TASK BRIEF:
Copy the records below exactly, starting at the line that contains "Escargots Gratinés, Casa Grecque" and ending at the line that contains "Adana'da engelli park"; leave out any pictures.
[Opening WORKING DATA section]
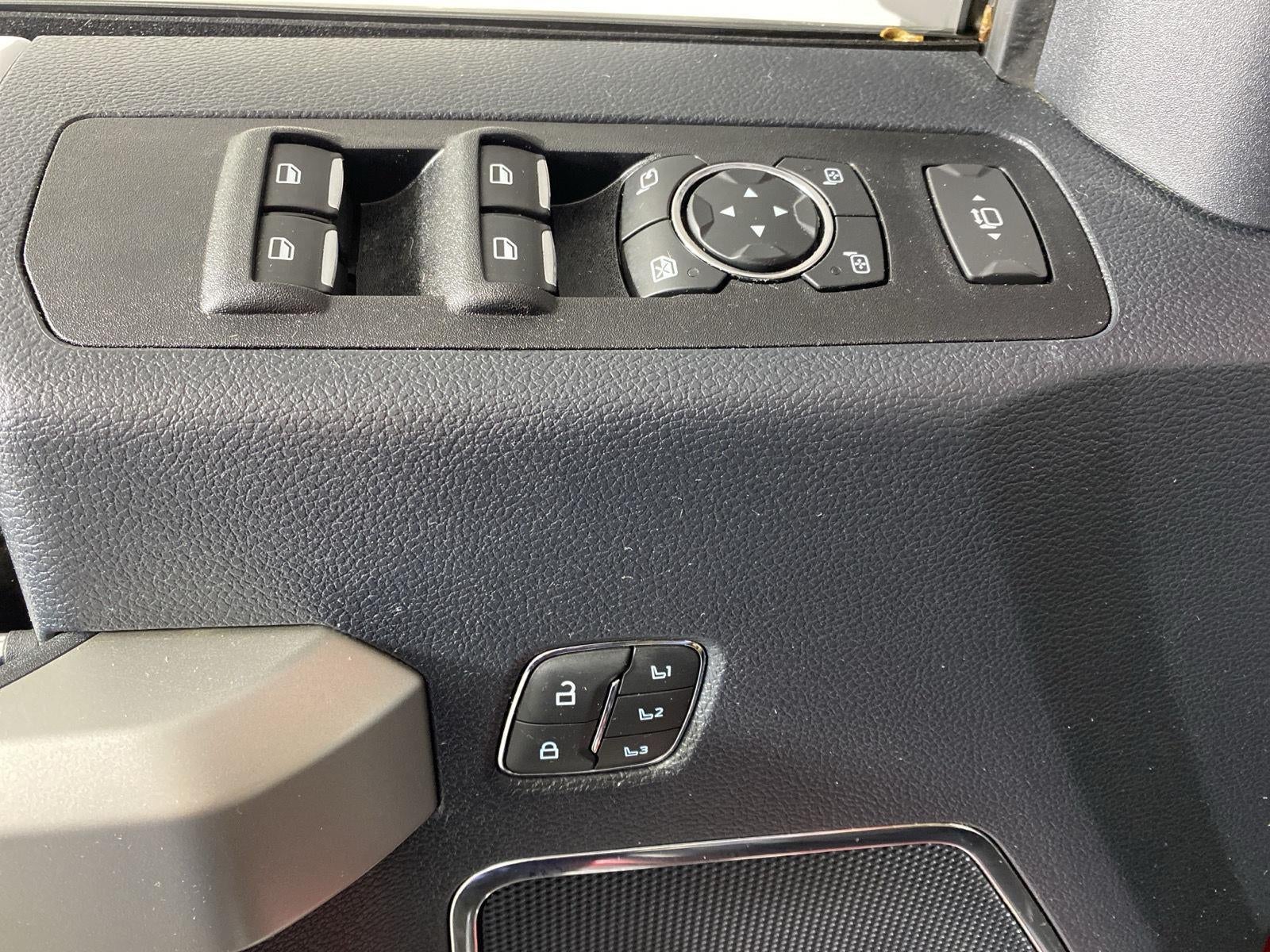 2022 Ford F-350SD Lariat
[Closing WORKING DATA section]
[Opening WORKING DATA section]
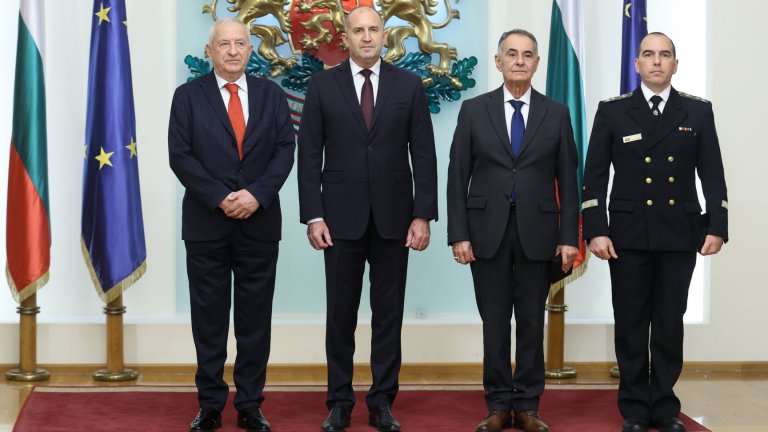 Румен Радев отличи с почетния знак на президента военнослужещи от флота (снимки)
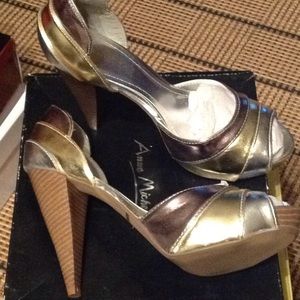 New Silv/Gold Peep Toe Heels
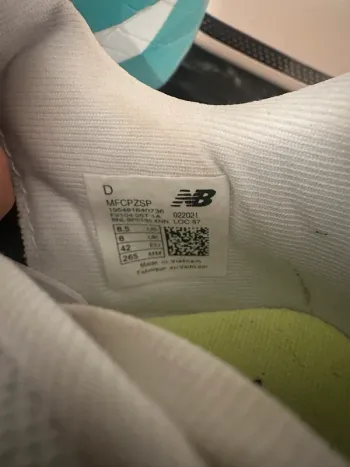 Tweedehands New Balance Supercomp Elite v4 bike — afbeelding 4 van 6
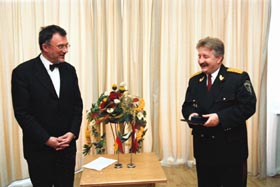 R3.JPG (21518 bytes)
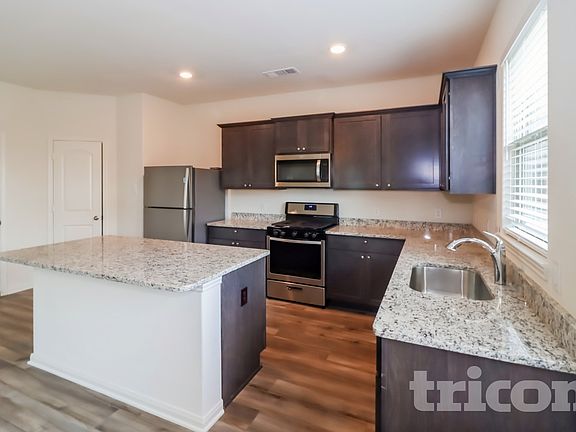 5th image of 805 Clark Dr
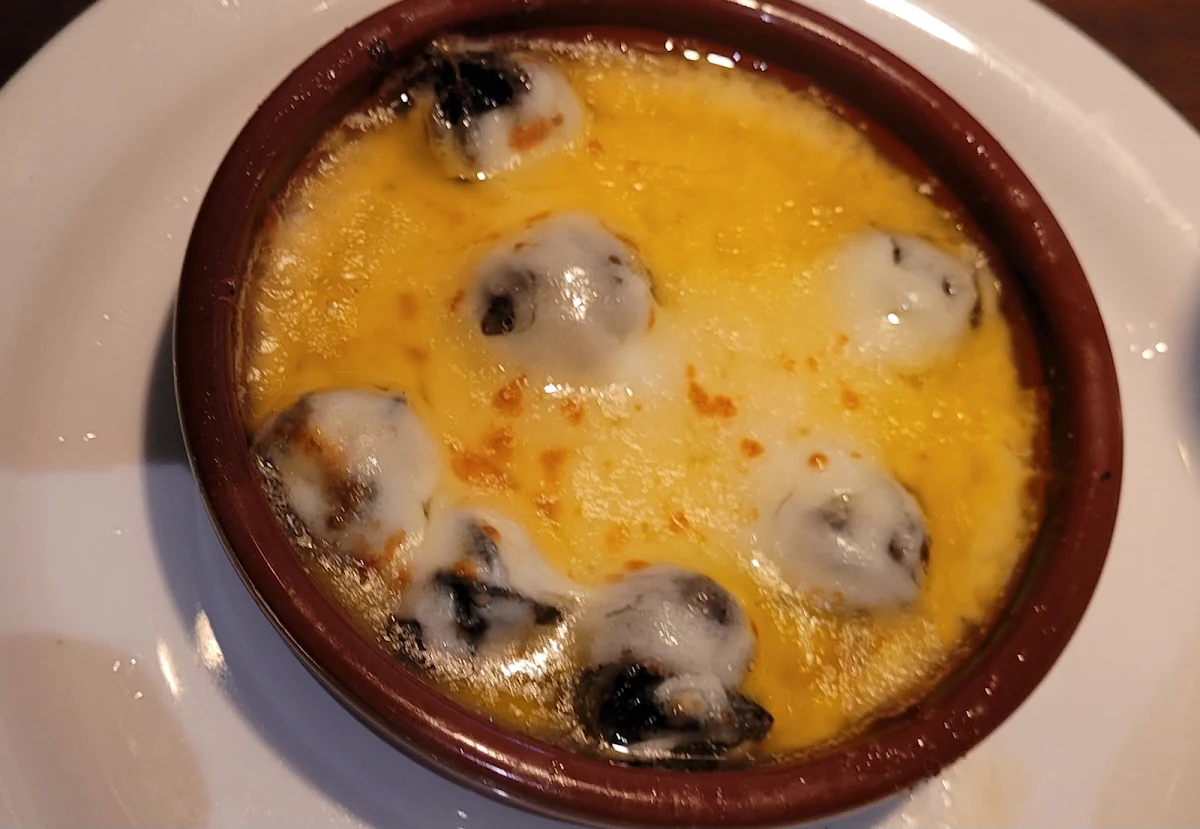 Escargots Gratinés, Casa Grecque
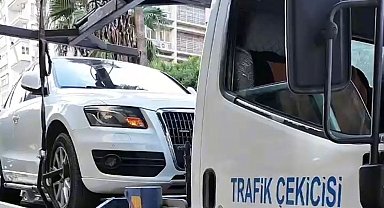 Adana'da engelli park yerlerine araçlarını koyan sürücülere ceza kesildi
[Closing WORKING DATA section]
RESPONSE TO THIS EXERCISE:
 Escargots Gratinés, Casa Grecque
 Adana'da engelli park yerlerine araçlarını koyan sürücülere ceza kesildi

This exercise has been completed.